Files
motovaultpro/K8S-REDESIGN.md
Eric Gullickson 17d27f4b92 k8s improvement
2025-09-17 20:47:42 -05:00

17 KiB

Docker Compose → Kubernetes Architecture Redesign

Overview

This document outlines the comprehensive redesign of MotoVaultPro's Docker Compose architecture to closely replicate a Kubernetes deployment pattern.
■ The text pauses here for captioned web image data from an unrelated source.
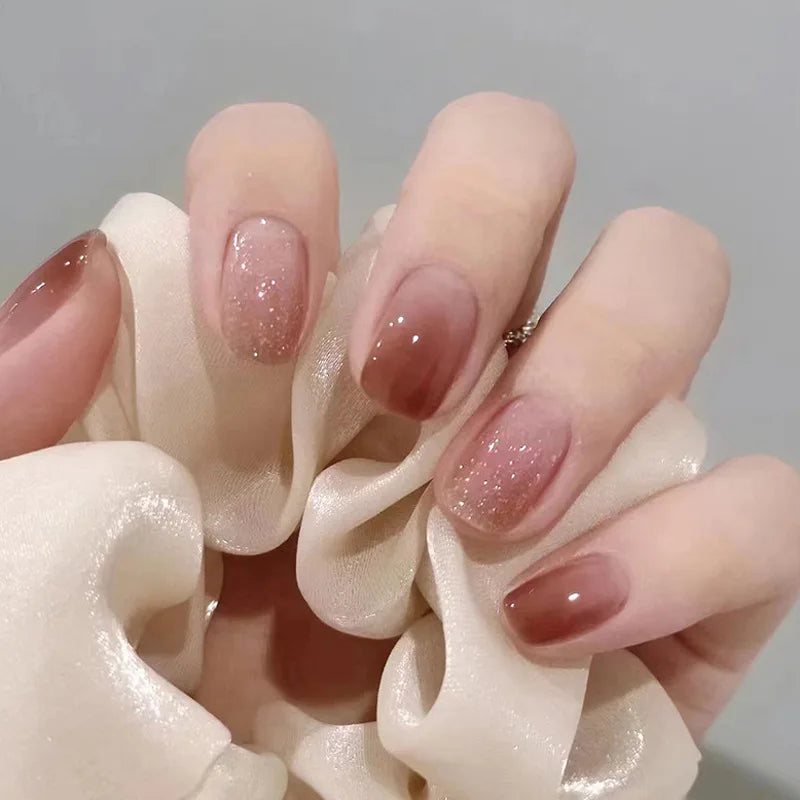 24Pcs Simple Short Gradient Nail Art with Jelly Glue Elegant Ballet Square Wearable False Nails Glitter Sweet Acrylic Nails Set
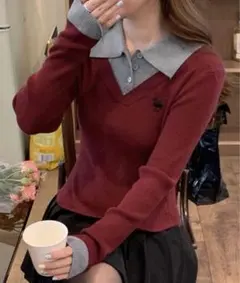 Dazy 襟付き ニット セーター ボルドー 長袖 トップス SHEIN
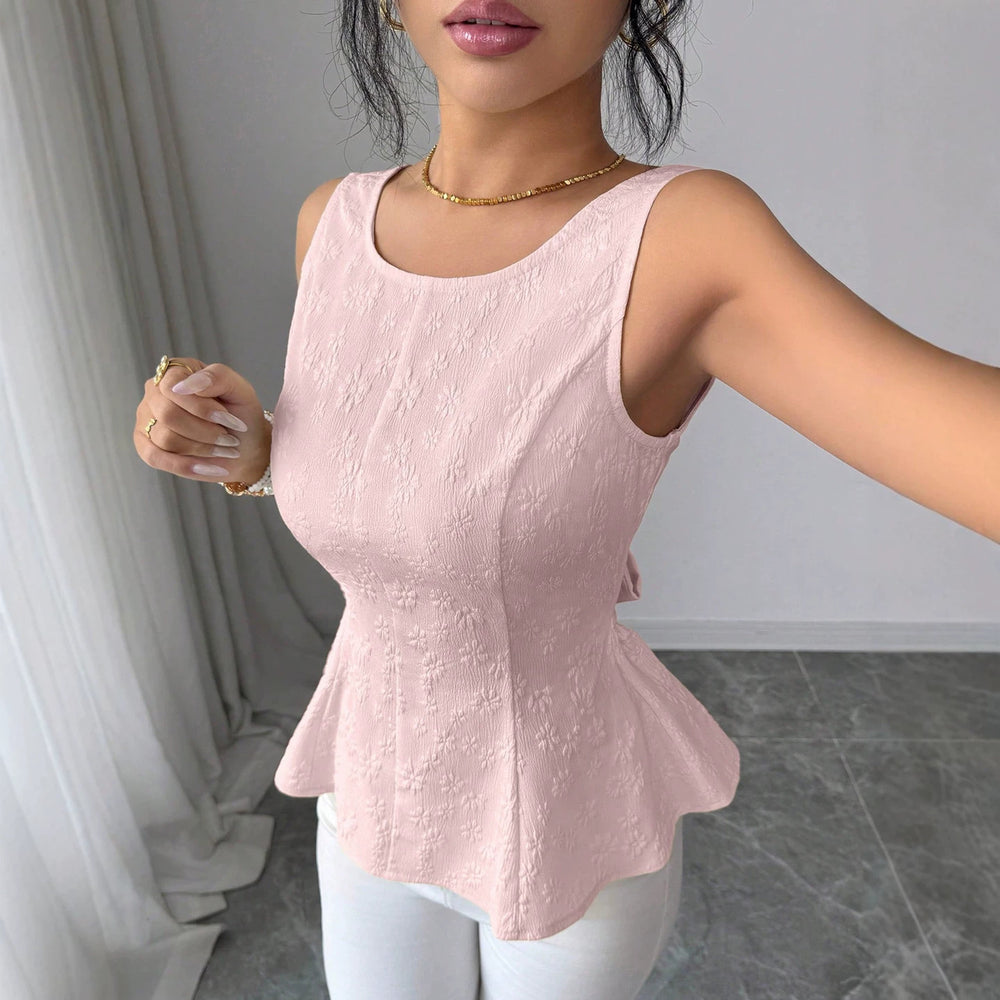 Sleeveless, waist-cinching top for women, featuring a ruffled hem, open back, and bow tie closure. a versatile and stylish piece perfect for everyday wear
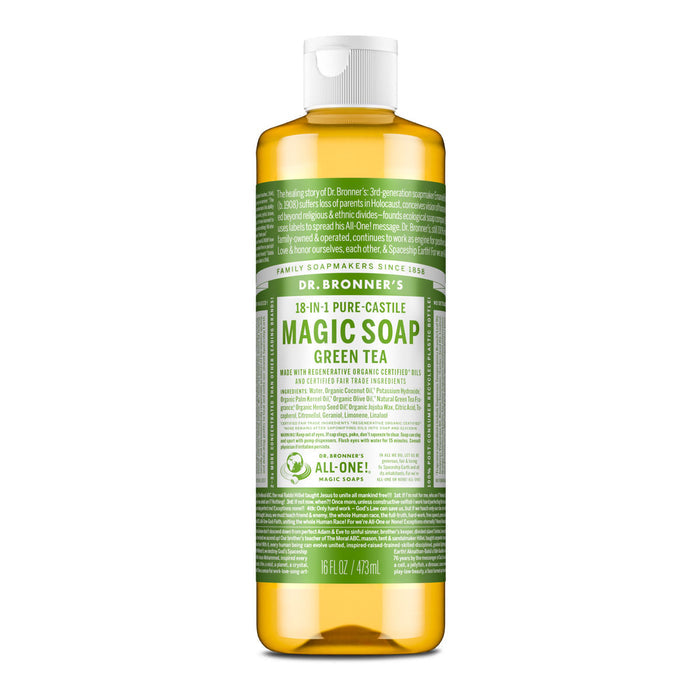 Dr. Bronner's Magic Soap Green Tea 473ml bottle with green label on a white background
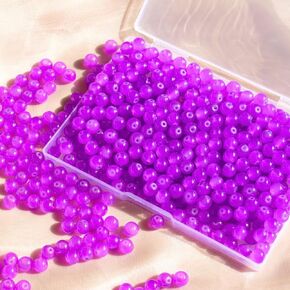 360pcs Glass Beads Bulk, 8mm Glass Beads for Barcelet and Jewelry Making DIY Crafts (White)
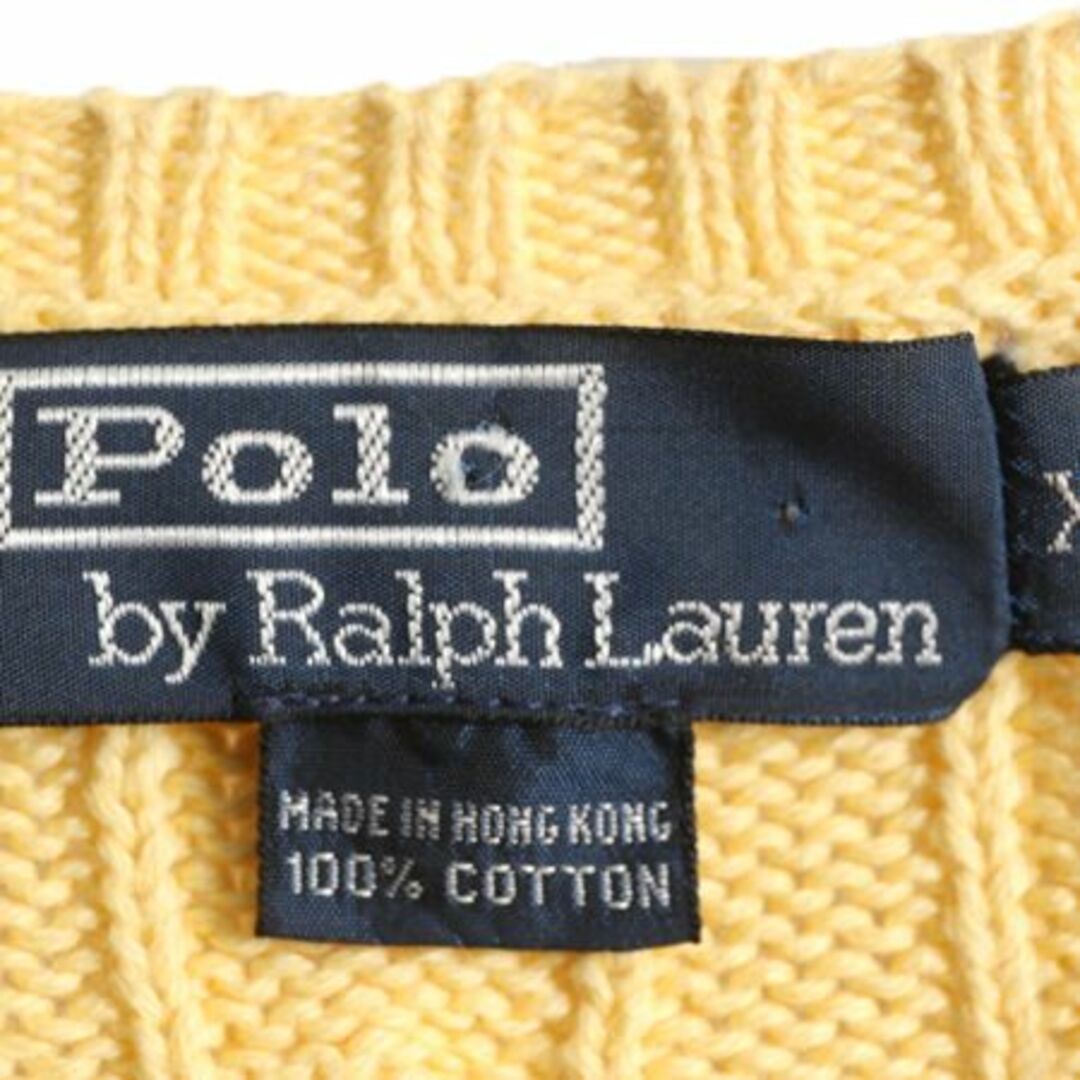 Ralph Lauren(ラルフローレン)の90s ポロ ラルフローレン コットン ケーブル ニット セーター メンズ XL / 90年代 オールド 長袖ニット ポニー刺繍 ワンポイント Vネック メンズのトップス(ニット/セーター)の商品写真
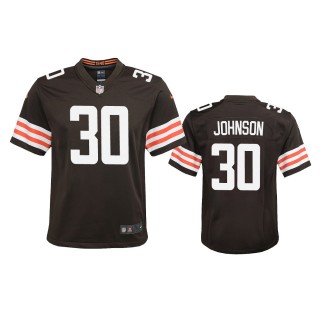Youth Browns D'Ernest Johnson Brown Game Jersey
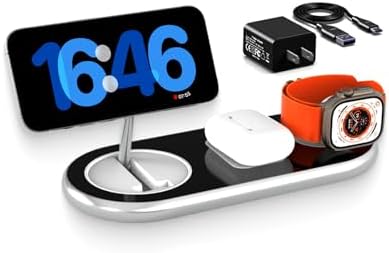 Revolutionary 3-in-1 Magnetic Charging Hub for Apple Devices – Wireless Charger for i Phone 15/14/13/12, Air Pods Pro & All Apple Watches (Sleek Black Design) – Fast, Efficient Power Solution with Space-Saving Design for Ultimate Convenience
The goal is to maintain all current functionality while preparing for seamless K8s migration and improving development experience.

Current Architecture Analysis

Existing Services (13 containers)

MVP Platform Services (Microservices)

  • mvp-platform-landing - Marketing/landing page (nginx)
  • mvp-platform-tenants - Multi-tenant management API (FastAPI)
  • mvp-platform-vehicles-api - Vehicle data API (FastAPI)
  • mvp-platform-vehicles-etl - Data processing pipeline (Python)
  • mvp-platform-vehicles-db - Vehicle data storage (PostgreSQL)
  • mvp-platform-vehicles-redis - Vehicle data cache (Redis)
  • mvp-platform-vehicles-mssql - Monthly ETL source (SQL Server)

Application Services (Modular Monolith)

  • admin-backend - Application API with feature capsules (Node.js)
  • admin-frontend - React SPA (nginx)
  • admin-postgres - Application database (PostgreSQL)
  • admin-redis - Application cache (Redis)
  • admin-minio - Object storage (MinIO)

Infrastructure

  • nginx-proxy - Load balancer and SSL termination
  • platform-postgres - Platform services database
  • platform-redis - Platform services cache

Current Limitations

  1. Single Network: All services on default network
  2. Manual Routing: nginx configuration requires manual updates
  3. Port Exposure: Many services expose ports directly
  4. Configuration: Environment variables scattered across services
  5. Service Discovery: Hard-coded service names
  6. Observability: Limited monitoring and debugging capabilities

Target Kubernetes-like Architecture

Network Segmentation

networks:
  frontend:
    driver: bridge
    labels:
      - "com.motovaultpro.network=frontend"
      - "com.motovaultpro.purpose=public-facing"

  backend:
    driver: bridge
    internal: true
    labels:
      - "com.motovaultpro.network=backend"
      - "com.motovaultpro.purpose=api-services"

  database:
    driver: bridge
    internal: true
    labels:
      - "com.motovaultpro.network=database"
      - "com.motovaultpro.purpose=data-layer"

  platform:
    driver: bridge
    internal: true
    labels:
      - "com.motovaultpro.network=platform"
      - "com.motovaultpro.purpose=microservices"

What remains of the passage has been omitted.